The next day we met at a rented studio with the always-excellent Bill Reitzel for the cover photo shoot. As Bill set up his camera, Billy unfastened the bungee cord, opened up his guitar case, and pulled out his most famous guitar, Pearly Gates. I was stunned. “Gibbons,” I exclaimed, “I can’t believe you put a ’59 Les Paul in airline luggage. Why didn’t you buy it a seat?!”
Billy smiled slyly and handed me the guitar. “Take a real close look at it, amigo.” Holding it inches from my face, I saw that someone had glued a full-sized photograph of Pearly Gates’s distinctively flamed maple top onto the face of another Les Paul and varnished it over. From more than a few inches away, you’d swear that instrument was Pearly. “American ingenuity,” Gibbons said, sagely raising his index finger, “does not end with the paint job.” A good time was had by all.
Since my early teens, I’ve felt a real affinity for John Lee Hooker and his music.
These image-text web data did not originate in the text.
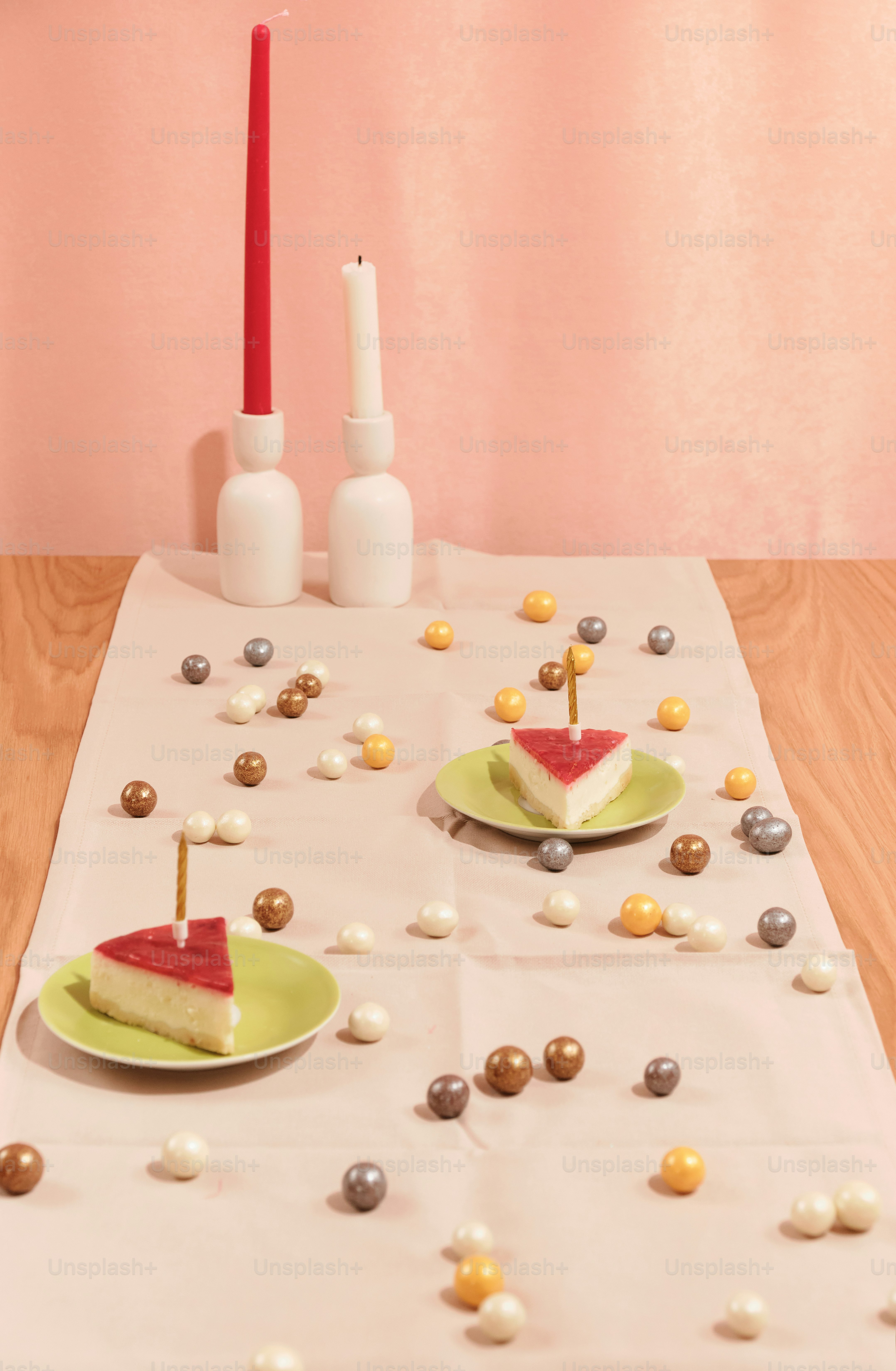 Una mesa cubierta con dos platos de comida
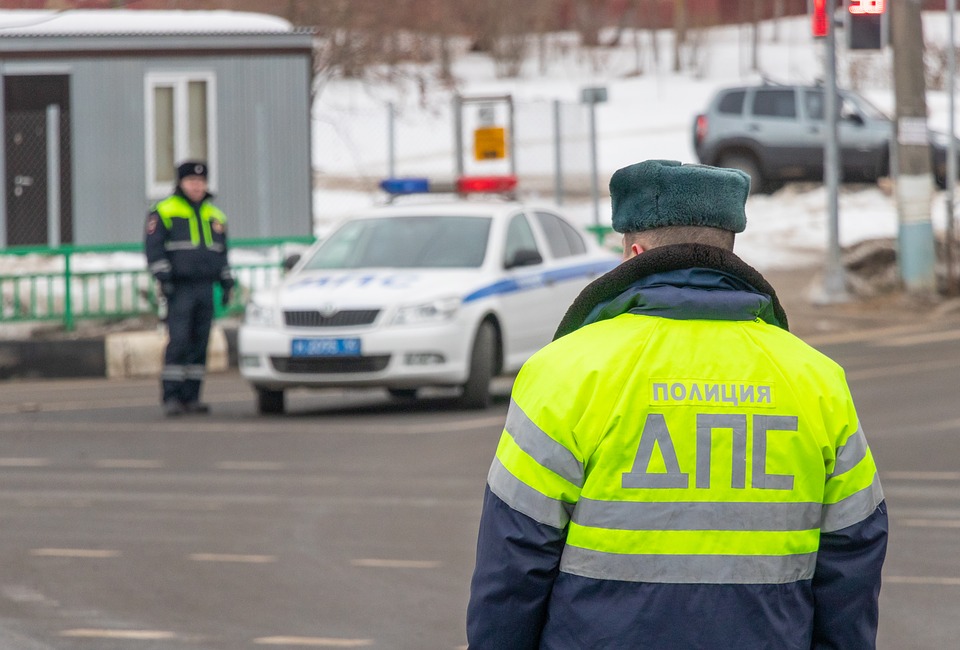 Водитель грузовика сбил насмерть пешехода на Часовой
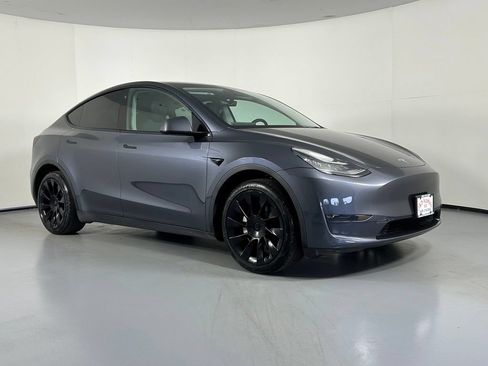 Used 2022 Tesla Model Y Long Range AWD/4WD image 1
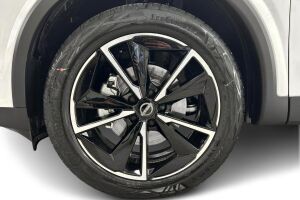 Nissan Qashqai esikatselu 11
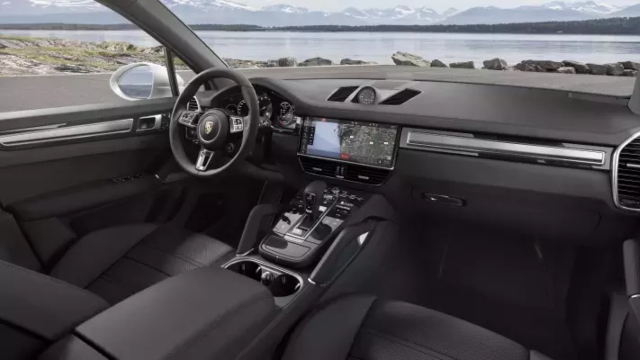 2021 Porsche Cayenne Turbo GT interior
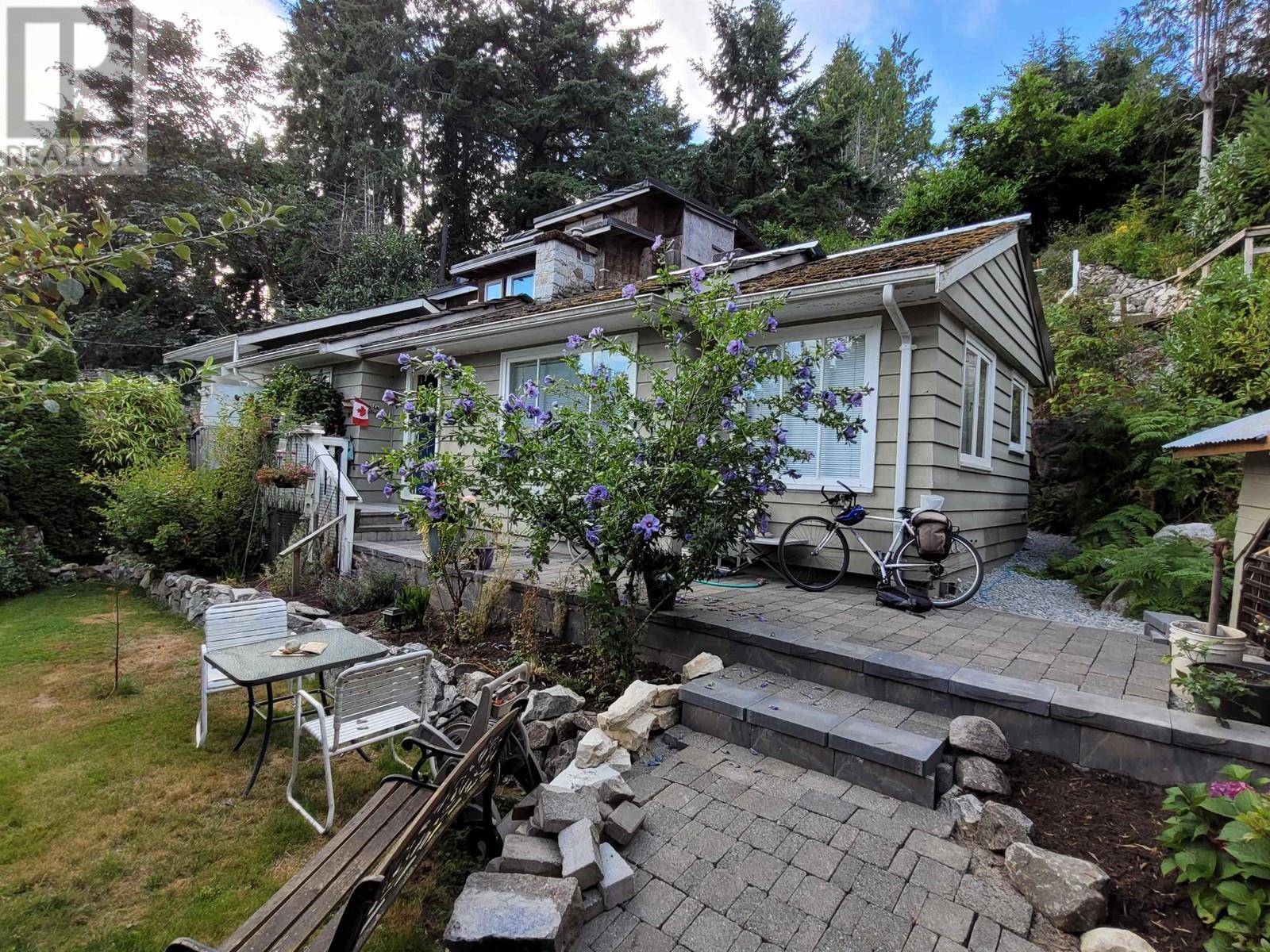 West Vancouver, BC V7W1N8,4405 MARINE DRIVE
Seeing him perform solo when I was an incoming freshman at Detroit’s all-boys Jesuit high school sparked my love for blues music. His 1966 Live at the Café Au Go-Go, recorded about a month before he played my high school, was the first blues album in my collection.
When we began doing interviews together—first for Guitar Player, and then Living Blues, Blues Revue, and Mojo—John and I discovered that we had a few things in common. We’d both spent decades living in Detroit before moving to California. We’d both pushed brooms in the steel-rolling mill of the Ford Rouge plant. To top it off, a girlfriend I’d lived with in the early 1980s moved into his house right after we broke up. John sometimes had trouble remembering who people were, especially later in life, but every time he saw me he’d say, “You’s Bonnie’s guy!” and flash me a knowing smile.
My favorite cover story interviews with him are John Lee Hooker: The Complete 1996 “Living Blues” Interview and B.B. King and John Lee Hooker: Their Only Interview Together. Another memorable one, for Blues Revue Quarterly’s Summer 1993 issue, took place in his spacious home in Redwood City, California, on December 29, 1992. Rather than retread old ground, we decided to have a listening party. So I brought along a stack of blues records that I figured he’d enjoy talking about.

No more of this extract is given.